Skip the pictures, and retype the data below in full, exactly.

■ Stored data

------------

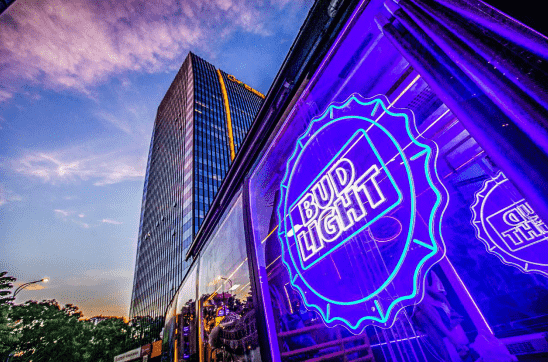 沁爽“蓝”不住 Bud Light百威昕蓝强势登陆中国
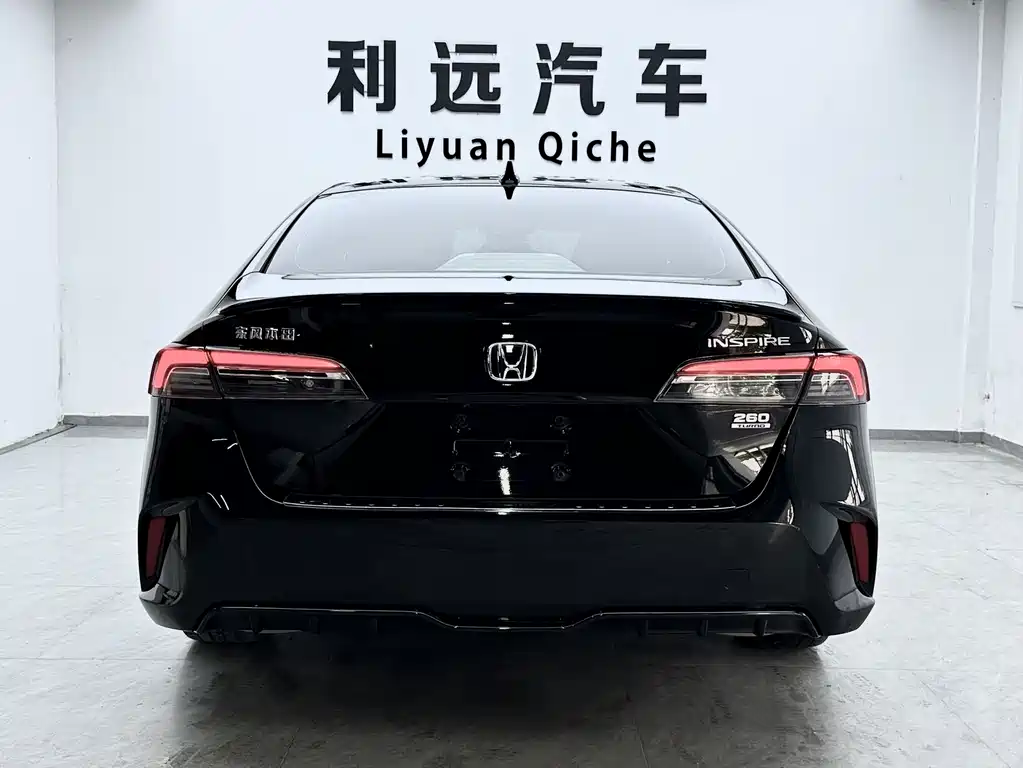 Honda Inspire 2024 — фото 15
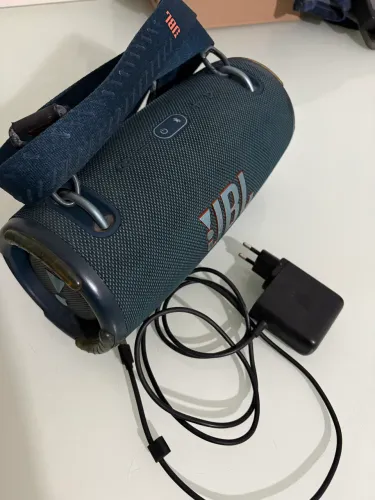 vendo jbl xtreme 3 semi nova com carregador e nota fiscal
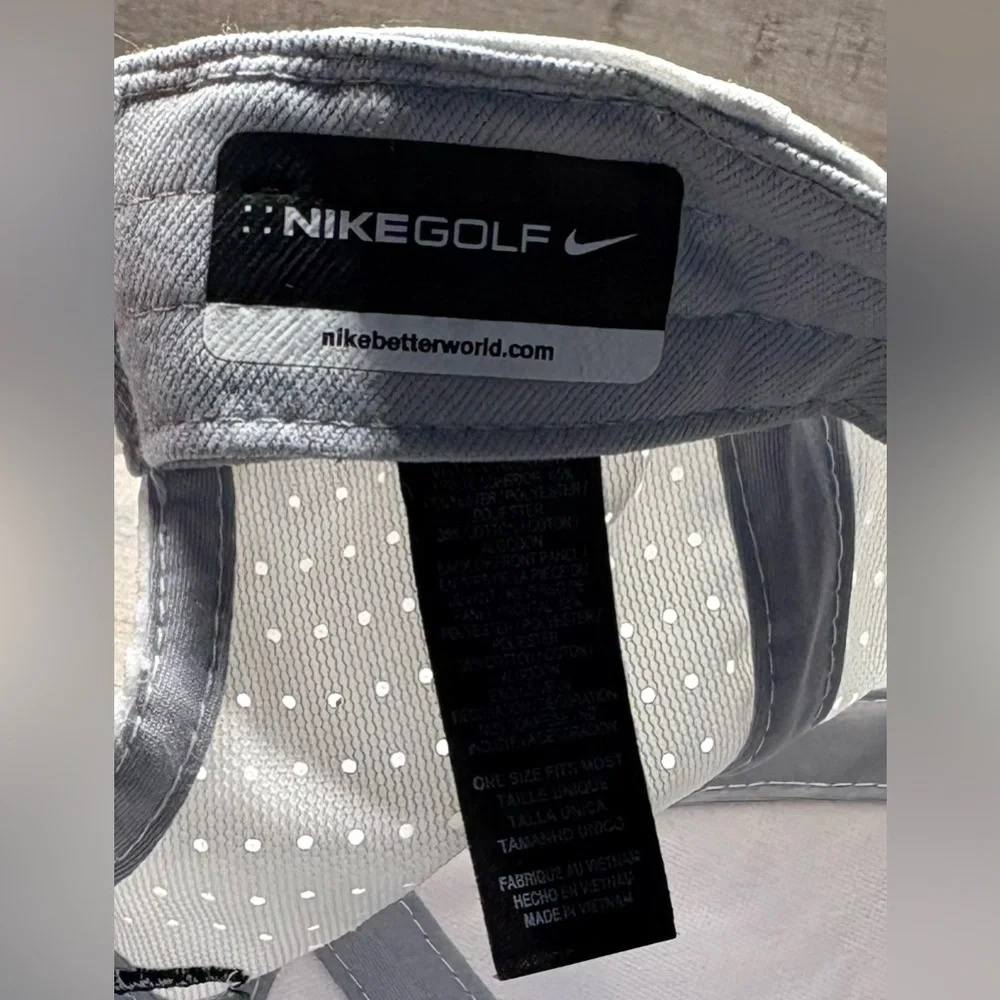 Nike Golf Women's White StrapBack Breathable Hat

------------

■ Answer to this problem
 沁爽“蓝”不住 Bud Light百威昕蓝强势登陆中国
 Honda Inspire 2024 — фото 15
 vendo jbl xtreme 3 semi nova com carregador e nota fiscal
 Nike Golf Women's White StrapBack Breathable Hat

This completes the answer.